Alluding to Saturday’s Equality Parade in Warsaw, in their concise statement KOD calls on all political parties to include three important points in their programmes – all of which may seem obvious to the Western European reader. Firstly, KOD implores parties to ensure the respect for the EU Charter of Fundamental Rights and, secondly, for the Istanbul Convention against domestic violence (the latter of which the government hinted of revoking). Thirdly, they advocate for “immediate commencement of a debate on the possible ways of including civil partnerships in the legal system”, clearly appealing to participants of Saturday’s Pride parade.

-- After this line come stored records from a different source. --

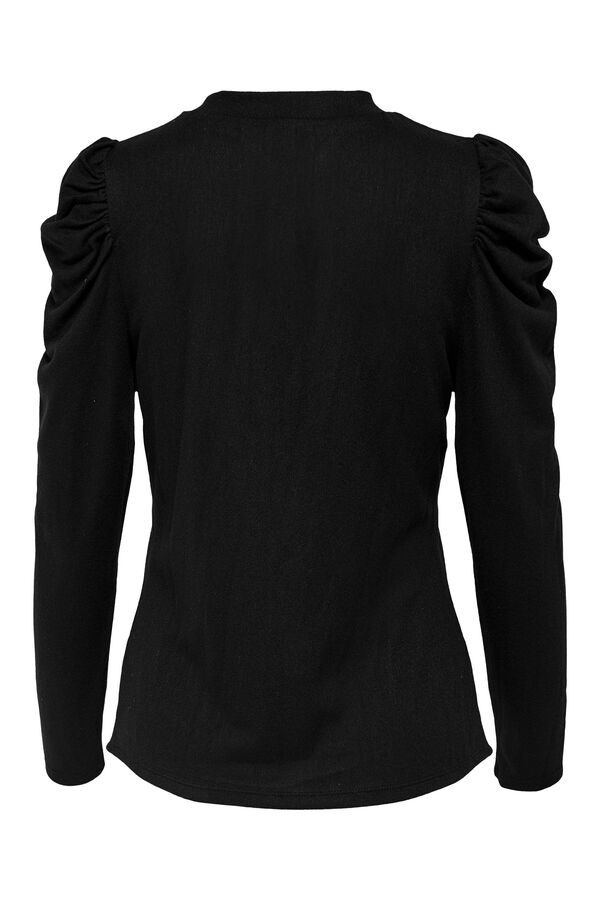 Springfield Top with puffed sleeves black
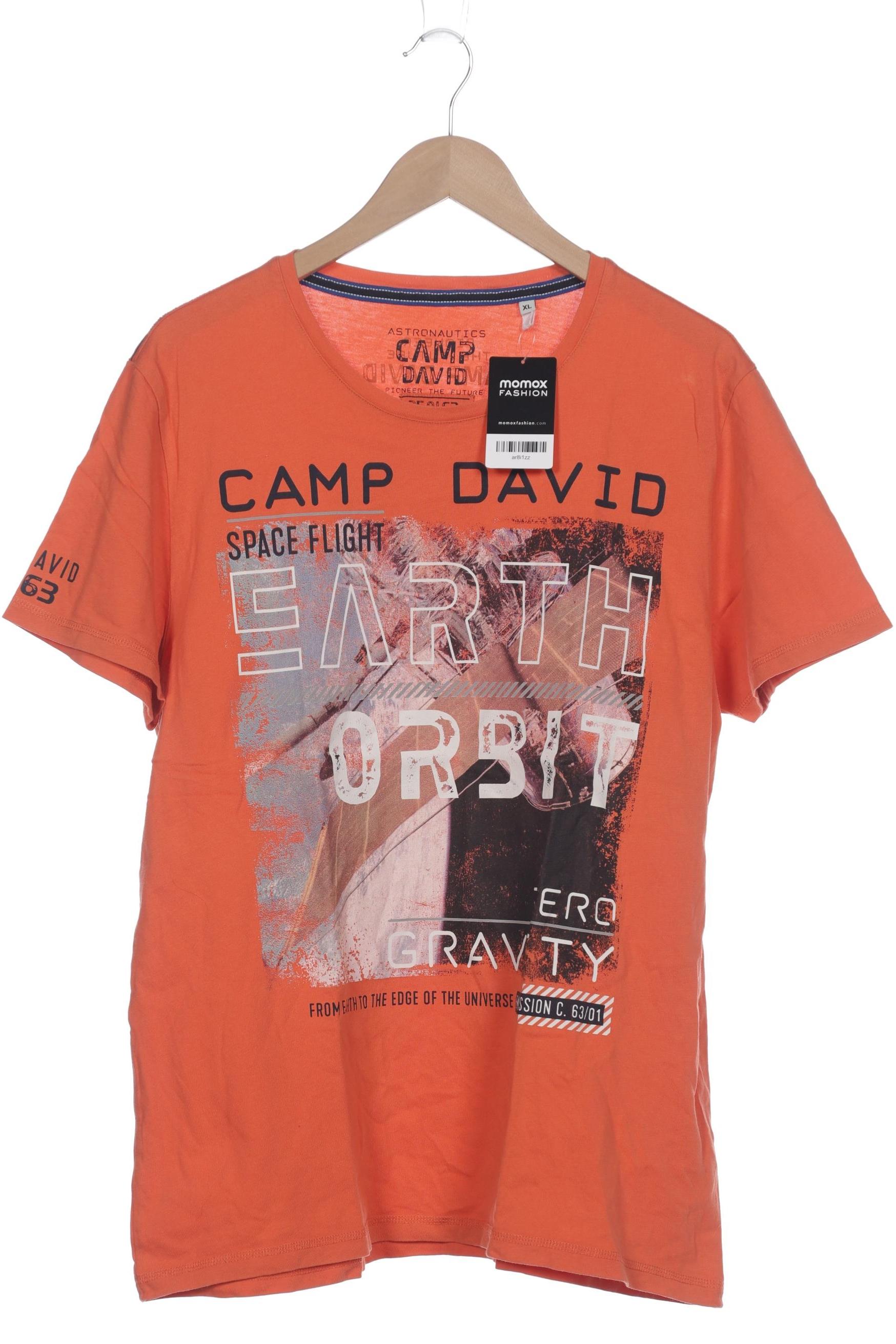 

Camp David Herren T-Shirt, orange, Gr. 54
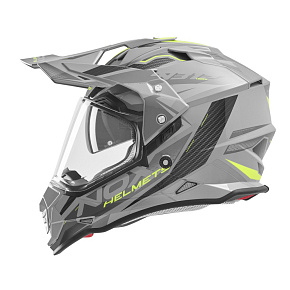 přilba N312 TRACK, NOX (šedá, žlutá fluo) 2026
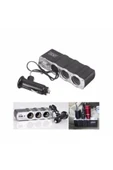 Araba Araç Oto Çakmak Çoklayıcı Çoğaltıcı Soketi Usb Çakmaklık - 1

In the meantime, the Kaczyński-led regime doesn’t seem to slow down in its charge towards totalitarianism, away from the EU’s liberal-democratic values so painstakingly won by Poles in 1989. Their first year in power saw a brutal takedown of the Constitutional Tribunal, the country’s highest court – an issue still on the European Commission’s agenda, with Vice-President Frans Timmermans recently accused of embarking on a personal, anti-Polish vendetta by Polish foreign minister Witold Waszczykowski. Law and Justice further consolidated power by politicising state media, at this point universally deemed nothing more than state propaganda, evoking direct parallels to TV under the pre-1989 communist regime. Soon after, they sparked worldwide so-called “black protests”, following an attempt to limit women’s rights by criminalising abortion – to this day the only significant instance of the regime backing down following society’s reaction.

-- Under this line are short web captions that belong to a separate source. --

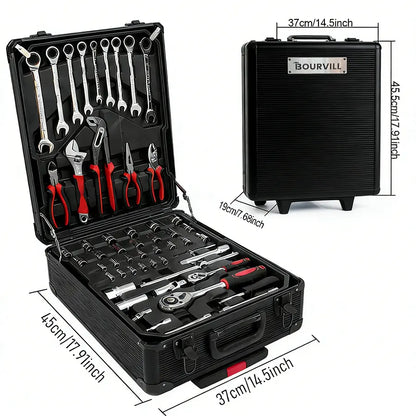 All-in-One Rolling Tool Kit for Home Repairs & DIY Projects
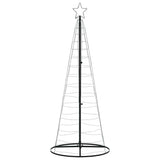 Albero di Natale a LED 200 LED Colorato 182 cm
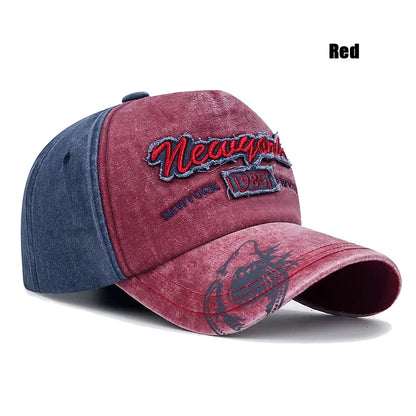 6 Colors New Unisex Washed Distressed Craft Patch 3 Dimensional Embroidery Design Baseball Cap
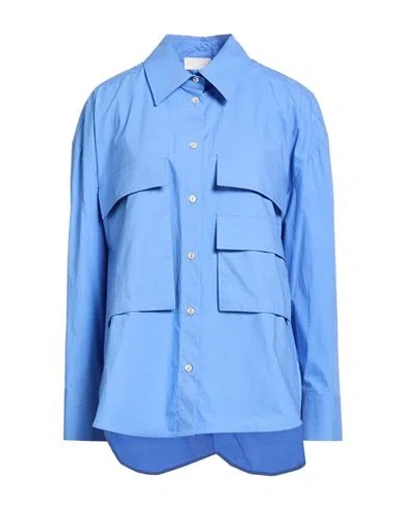 P.a.r.o.s.h P. A.r. O.s. H. Woman Shirt Azure Size S Cotton In Blue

Kaczyński’s second year as “Chief” marks further consolidation of power and continued clashes with Brussels. In their quest for total abolishment of the checks-and-balances system, PiS introduced a law politicising the National Judiciary Council – the state body responsible, among others, for nominating the country’s judges. With another legal act they expanded the powers of the justice minister, already merged by PiS with the office of Prosecutor General, giving him direct control over courts’ finances. Their educational reform, panned as rushed and unprepared, restores an archaic schooling model, puts emphasis on patriotic education in line with the regime’s own view of history, while leaving thousands of teachers unemployed. Then there’s also a new law regulating the freedom of assembly, or – as the Supreme Court, Ombudsman and the OSCE put it – simply limiting it.

It would seem all these blatant attacks on democracy, the rule of law and human rights should incite every citizen with even a rudimentary understanding of freedom to oppose Kaczyński and manifest their appreciation for the road Poland embarked on 28 years ago. Yet recent polls show a stable 30-40% support for his vision of their country under his fist.

Only time will tell if united Europe has lost liberal-democratic Poland for good, or if the next generation will again proudly remember their heroes of 1989: Wałęsa, Mazowiecki, Geremek, Kuroń, Frasyniuk, Michnik and so many others (if you’re a young reader from Poland, Google them while you still can…).